Hi Peter,
sorry for replying so late, I only managed now to get back to this patch set.
Yes, I can give it a try. What I dislike about ksm_test is that it's a mixture of benchmarks and test cases that have to explicitly triggered by parameters. It's not a simple "run all available test cases" tests as we know it. So maybe something separate (or having it as part of the uffd tests) makes more sense.
We can add an entry into run_vmtests.sh. That's also what current ksm_test does.
Right, but I kind-of don't like that way at all and would much rather do it cleaner...
Yes adding into uffd test would work too, but I do have a plan that we should move functional tests out of userfaultfd.c, leaving that with the stress test only. Not really a big deal, though.
... similar to what you want to do with userfaultfd.c
So maybe I'll just add a new test for ksm functional tests.
Consequently, we will no longer trigger a fake write fault and break COW without any such side-effects.

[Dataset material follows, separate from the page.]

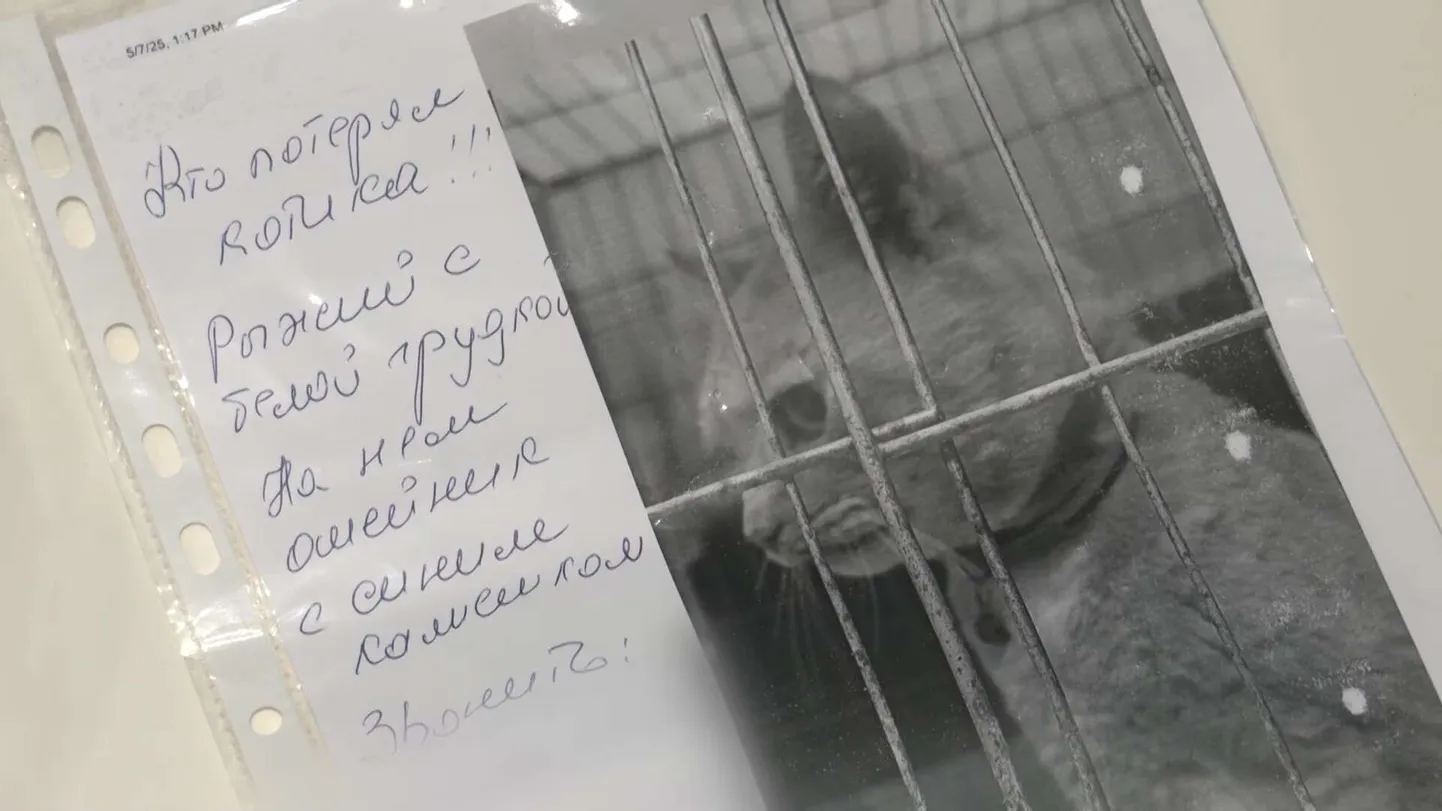 Raksta foto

This is primarily a fix for KSM+userfaultfd-wp, however, the fake write fault was always questionable. As this fix is not easy to backport and it's not very critical, let's not cc stable.

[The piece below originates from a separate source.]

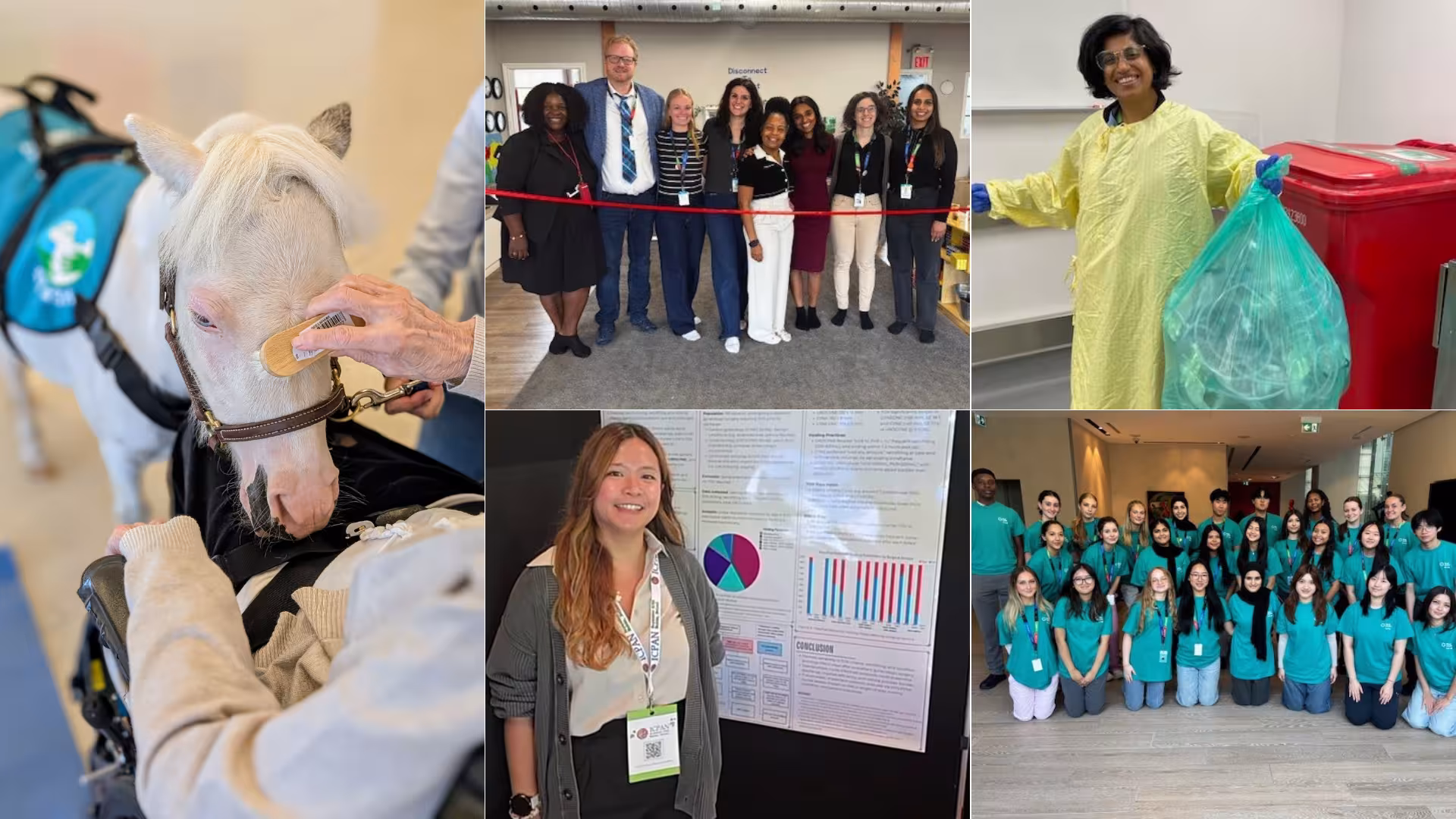 A collage of five different photos of people at Sinai Health. On the left is a photo of a miniature horse visiting a patient, there are also two group photos and photos of two individuals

A patch to cc most of the stable would probably need to still go with the old write approach but attaching ALLOW_RETRY. But I agree maybe that may not need to bother, or a report should have arrived earlier.. The unshare approach looks much cleaner indeed.
A fix without FAULT_FLAG_UNSHARE is not straight forward. We really don't want to notify user space about write events here (because there is none). And there is no way around the uffd handling in WP code without that.

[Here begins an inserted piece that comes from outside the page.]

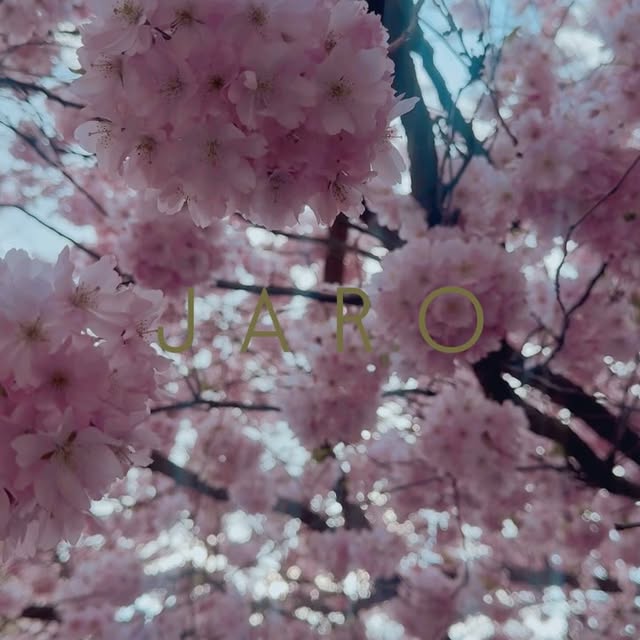 Post by veronikaarichtev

FAULT_FLAG_ALLOW_RETRY would rely on userfaultfd triggering and having to resolve the WP event.
Right it'll be very much a false positive, but the userspace should be fine with it e.g. for live snapshot we need to copy page earlier; it still won't stop the process from running along the way. But I agree that's not ideal.
At least the test case at hand will wait until infinitely, because there is no handler that would allow break_cow to make progress (well, we don't expect write events in the test :) ).
Anyhow, I don't think messing with that for stable kernels is worth the pain / complexity / possible issues.